(Records drawn from a dataset)
★ ★ ★ ★ ★
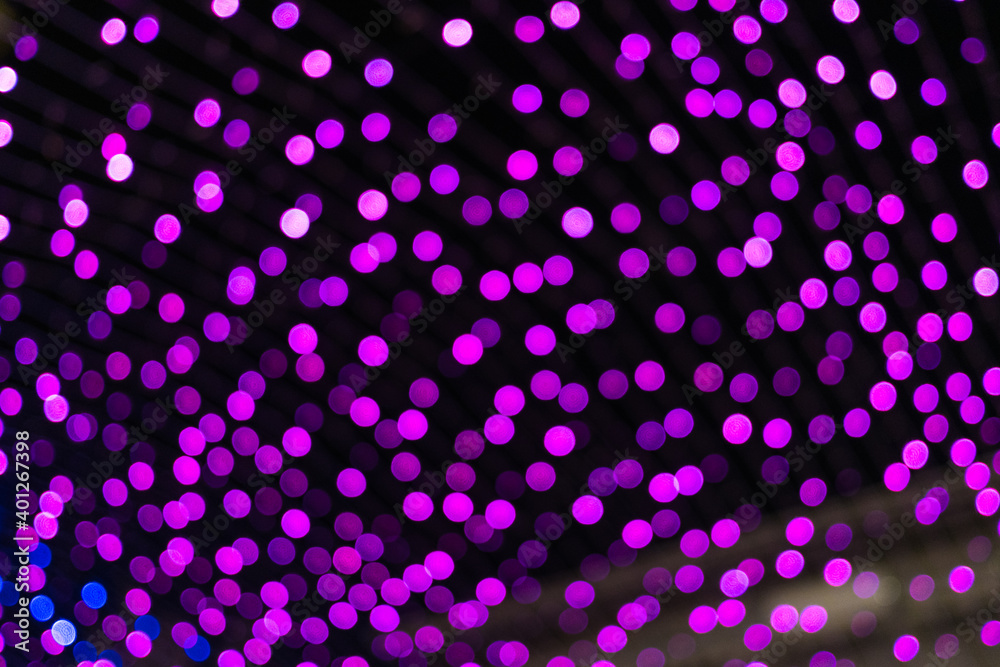 Christmas and New Year festive glitter bokeh background with purple, pink and blue colors.
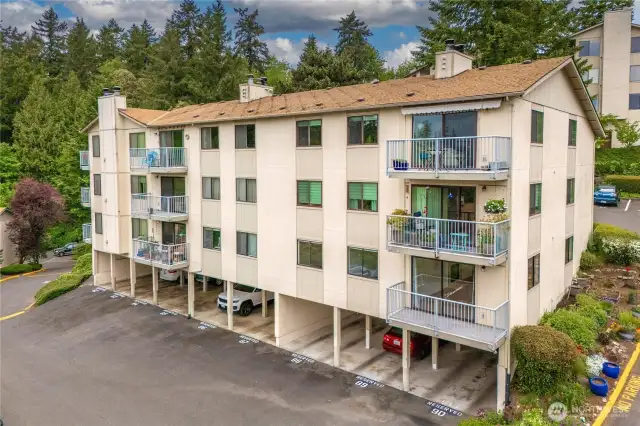 This unit includes covered parking located just below, along with a private storage room.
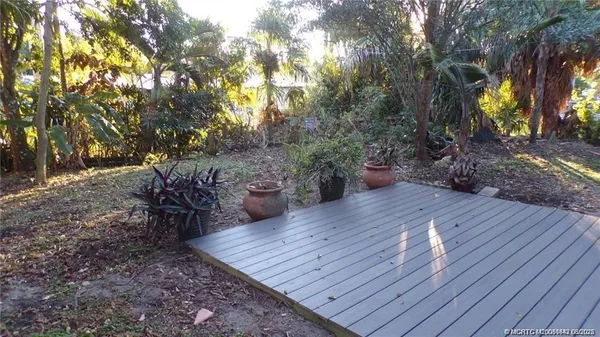 a view of a backyard with sitting area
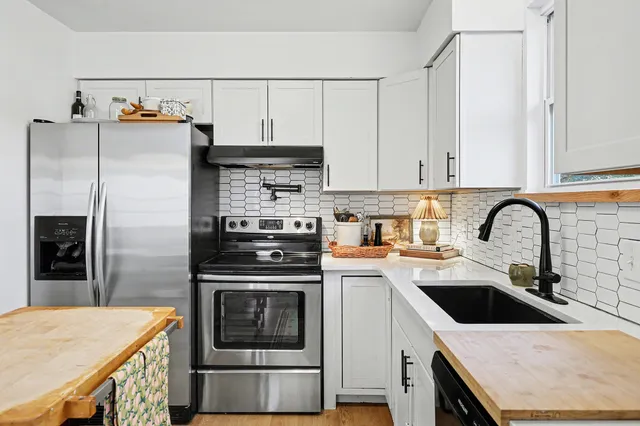 a kitchen with a sink a stove and refrigerator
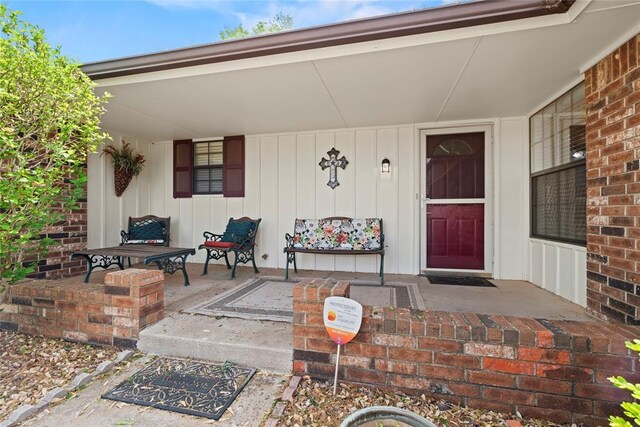 1912 Magnolia Ln, Edmond, OK 73013 - view of exterior entry with board and batten siding and a porch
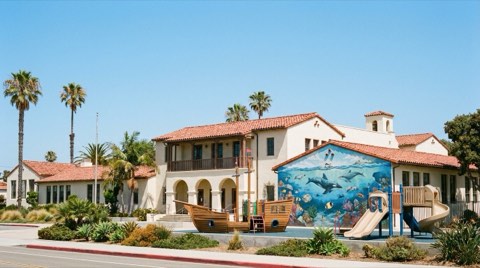 A cheerful elementary school exterior with a playground and palm trees under a clear sky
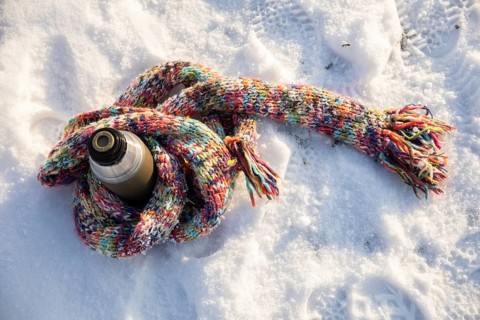 A long, colorful wool scarf lies on the snow. The scarf is wrapped around a thermos. The thermos is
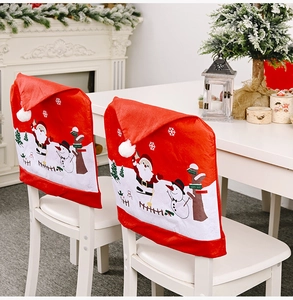 Detail of Christmas chair covers with Santa and Snowman motifs in a cozy dining setting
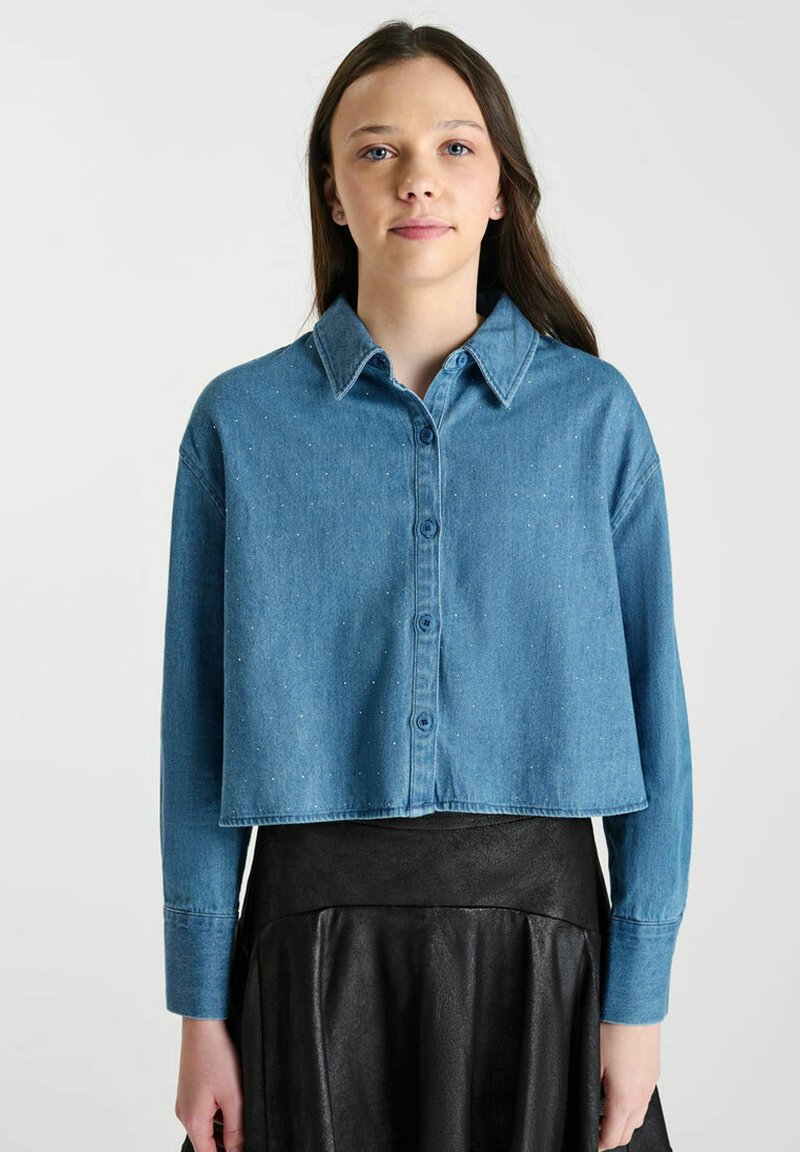 Korte spijkerblouse in lichtblauw met subtiele stoftextuur en twee voorzakken, gecombineerd met een zwarte leren rok.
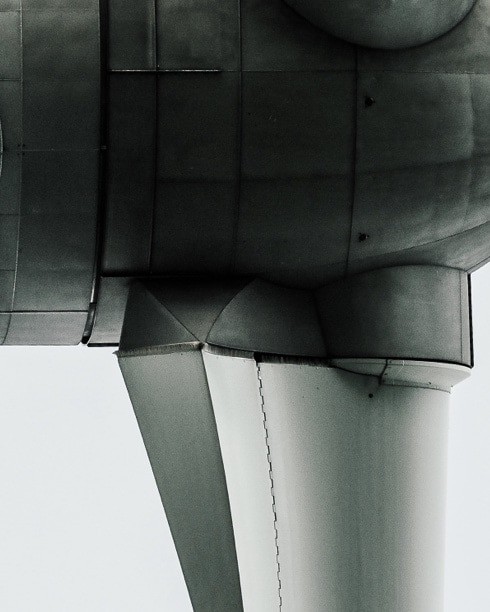 Close-up of the base of a wind turbine.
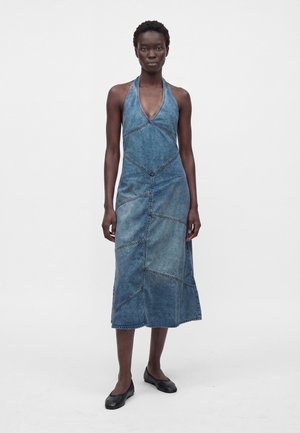 Femeie purtând o rochie halter din denim albastru fără mâneci cu cusături patchwork și pantofi negri comozi, stând pe un fundal alb simplu.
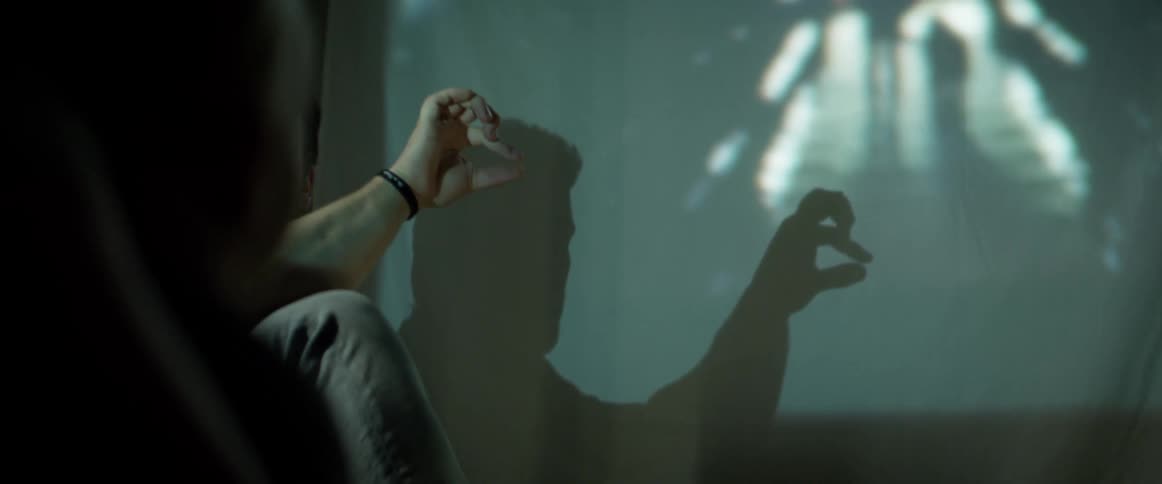 Father plays with son projecting shadow animals in a wall with his hand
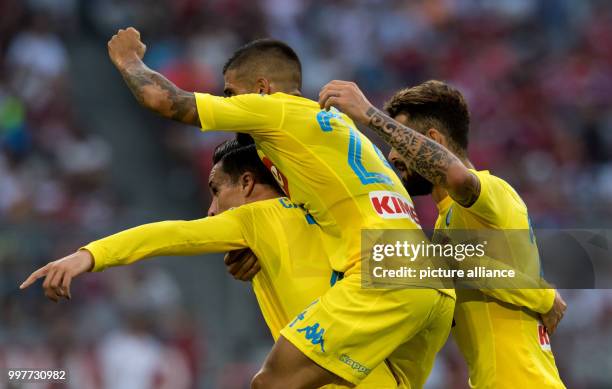 Napoli's Jose Callejon celebrates with Lorenzo Insigne and Alessio Zerbin his scoring the opening goal during the Audi Cup semi-final match pitting...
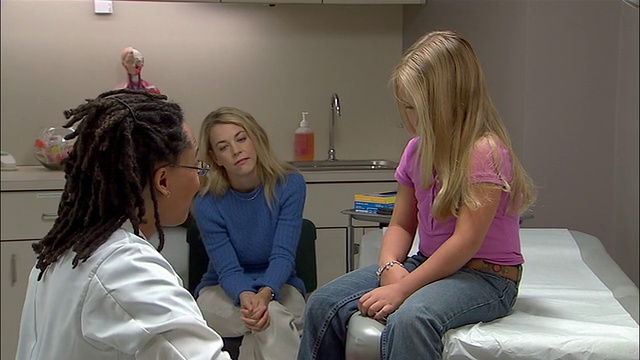 中等镜头的医生用听诊器听着女孩的心脏，母亲看着/在病历上做记录视频素材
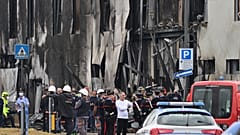 Police and rescue teams stand outside an apparently vacant office building where a small plane crashed in the Milan suburb of San Donato, October 3, 2021.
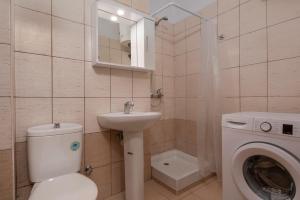 a bathroom with a toilet a sink and a washing machine at Kosmos Sevice Apartment Family 4A in Thessaloniki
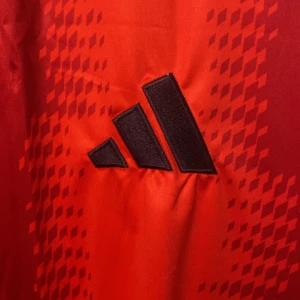 FC Bayern München Adidas matchtröja röd - Röd FC Bayern München fotbollströja från Adidas med svart logga och klubbmärke broderat på bröstet. Tröjan har korta ärmar, V-ringning och ett mönster av röda rutor framtill. Tillverkad i lätt och ventilerande polyester, perfekt för match eller träning, eller mode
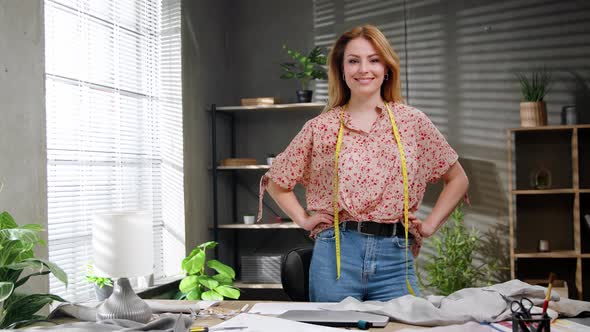 Portrait of Attractive Happy Female Creative Clothing Designer Standing in Modern Office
★ ★ ★ ★ ★
- [Brief] All that should be printed is the run of lines above from the one with "This unit includes" through the one with "A cheerful elementary", both included, exactly as given, with pictures left out.

- [Problem solution]
 This unit includes covered parking located just below, along with a private storage room.
 a view of a backyard with sitting area
 a kitchen with a sink a stove and refrigerator
 1912 Magnolia Ln, Edmond, OK 73013 - view of exterior entry with board and batten siding and a porch
 A cheerful elementary school exterior with a playground and palm trees under a clear sky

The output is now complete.